Chaque jour, elle leur donne à manger et veille à ce que leur habitat ne soit pas trop humide. Autant d’habitudes qu’elle a adoptées dans le cadre de ValueB ugs , un projet de recherche participative qui vise à sortir du système agroalimentaire industriel. Le cœur du projet : "Mettre au point des techniques permettant d’élever des larves d’insectes pour que celles-ci puissent servir de nourriture aux animaux d’élevage et de compagnie", explique Etienne Toffin, l’un des initiateurs du projet.
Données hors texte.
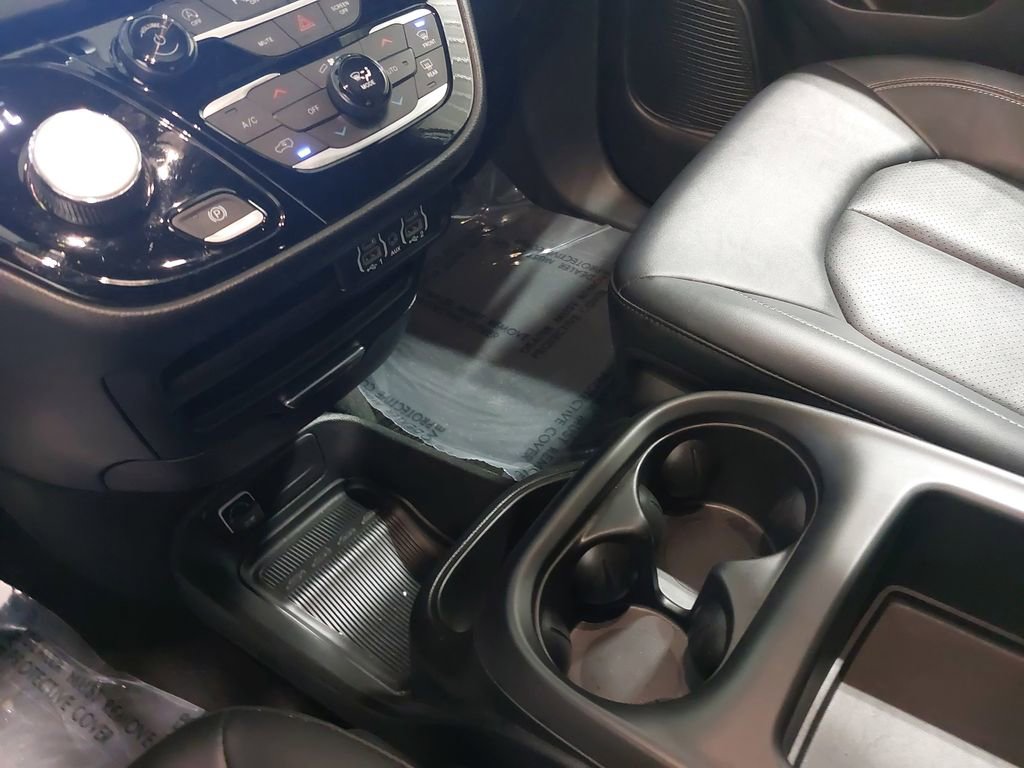 Used 2025 Chrysler Pacifica Select image 27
Riches en protéines et en lipides, les larves permettent de diversifier la diète des animaux, en se posant par exemple comme une solution aux graines habituellement données aux poules. Elles sont élevées dans une boîte et se nourrissent principalement d’épluchures. Bernadette leur donne aussi des fruits plus très frais ou du marc de café. "C’est une façon de valoriser les épluchures et autres restes alimentaires", se réjouit Etienne Toffin.

Concrètement, les participants reçoivent des larves qu’ils doivent faire grandir. Arrivées à maturité, certaines se reproduisent tandis que d’autres servent à nourrir les poules. "On essaie de travailler en circuits très courts pour que les ménages puissent être les plus autonomes possible." Les poules, omnivores et pas mal présentes en Région bruxelloise, constituent un bon groupe test pour le projet. À terme, le but est toutefois d’étendre ce type de diète à d’autres animaux (poissons, chiens, chats, etc.).

Officiellement lancé en janvier 2018, le projet compte aujourd’hui 50 participants aux profils très variés. "Il y a des retraités, des élèves et des étudiants, des célibataires, des ménages avec ou sans enfants." Tous ces chercheurs en herbe ont dû trouver un moyen d’intégrer l’élevage à leur vie quotidienne. "L’expérience doit être la plus similaire possible d’une personne à l’autre mais doit aussi s’adapter aux habitudes de vie des participants."

Après une première évaluation positive chez Innoviris, le projet continue jusqu’en décembre 2020. Si l’initiative vous intéresse, il n’est donc pas trop tard pour y participer et devenir citoyen-chercheur. "La recherche n’est pas l’apanage des universitaires. ValueBugs est un projet citoyen avant tout."